SOURCE DATA.
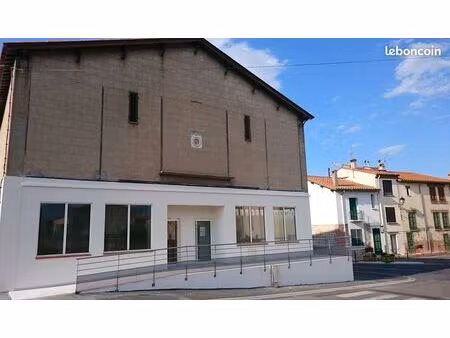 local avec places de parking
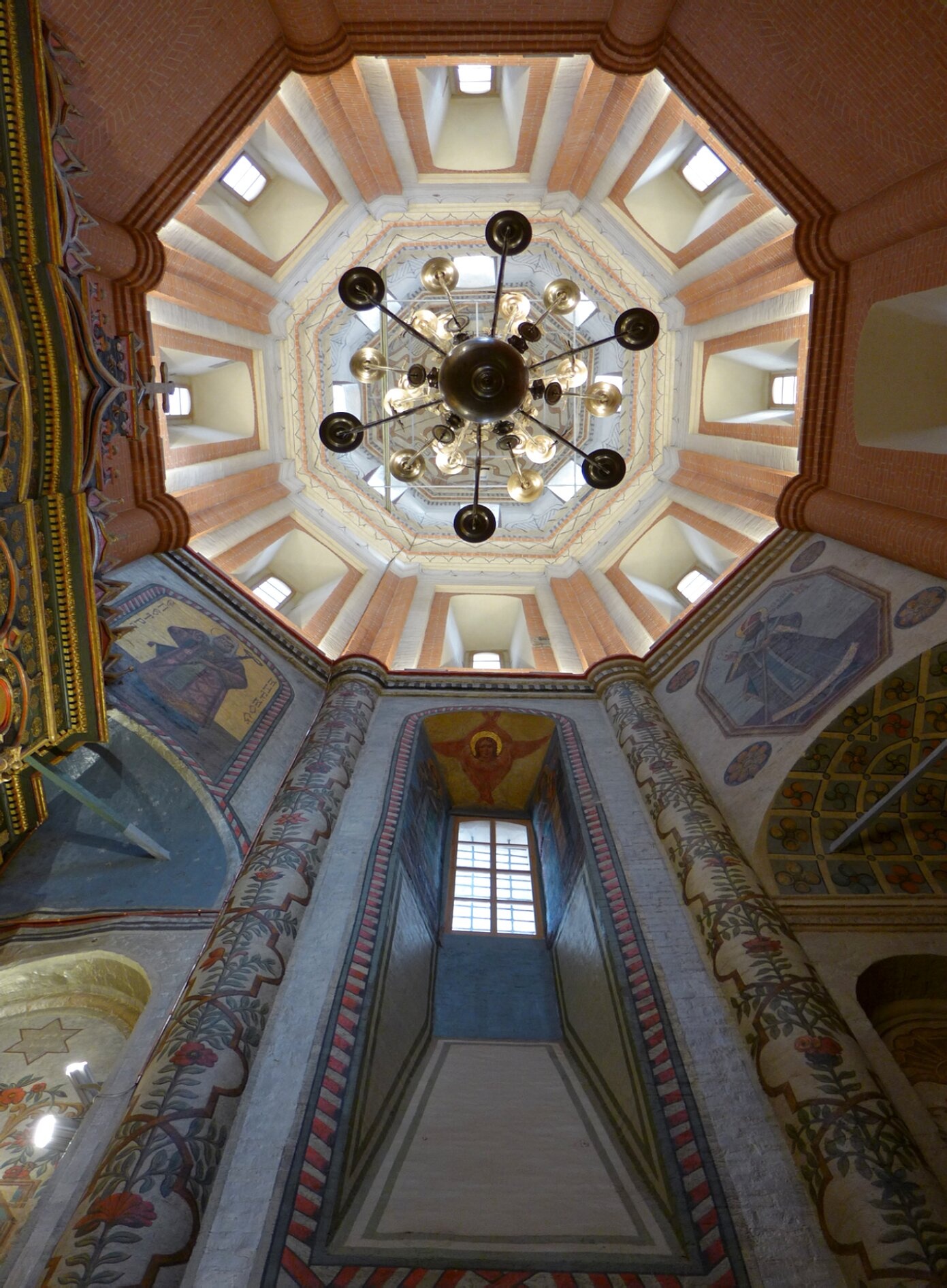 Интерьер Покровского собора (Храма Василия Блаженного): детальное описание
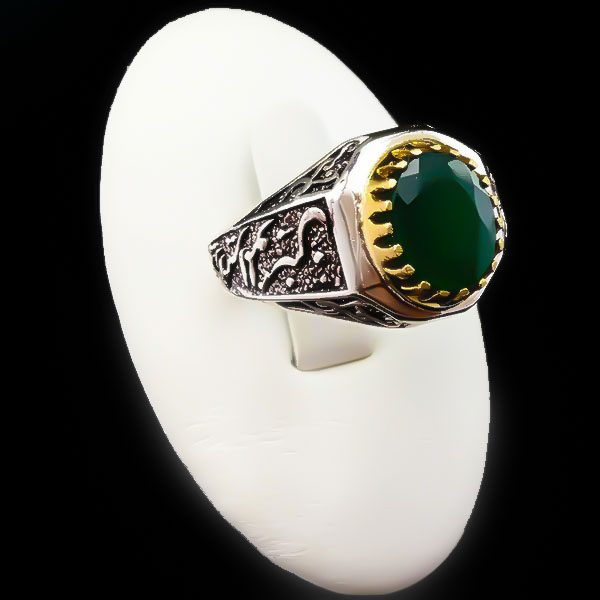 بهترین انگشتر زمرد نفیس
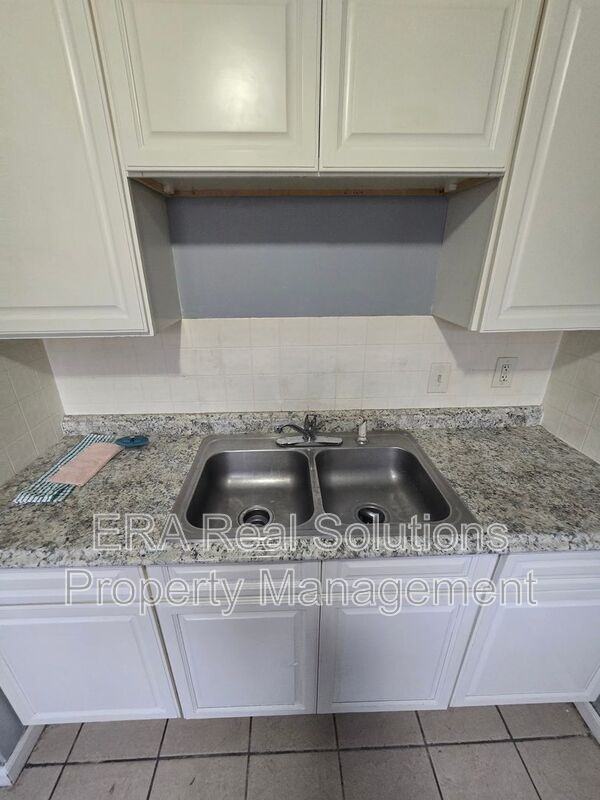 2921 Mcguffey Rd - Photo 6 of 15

TASK REQUIREMENTS. Copy out every line of the material above exactly, skipping the pictures.

ANSWER FOR THE TASK.
 local avec places de parking
 Интерьер Покровского собора (Храма Василия Блаженного): детальное описание
 بهترین انگشتر زمرد نفیس
 2921 Mcguffey Rd - Photo 6 of 15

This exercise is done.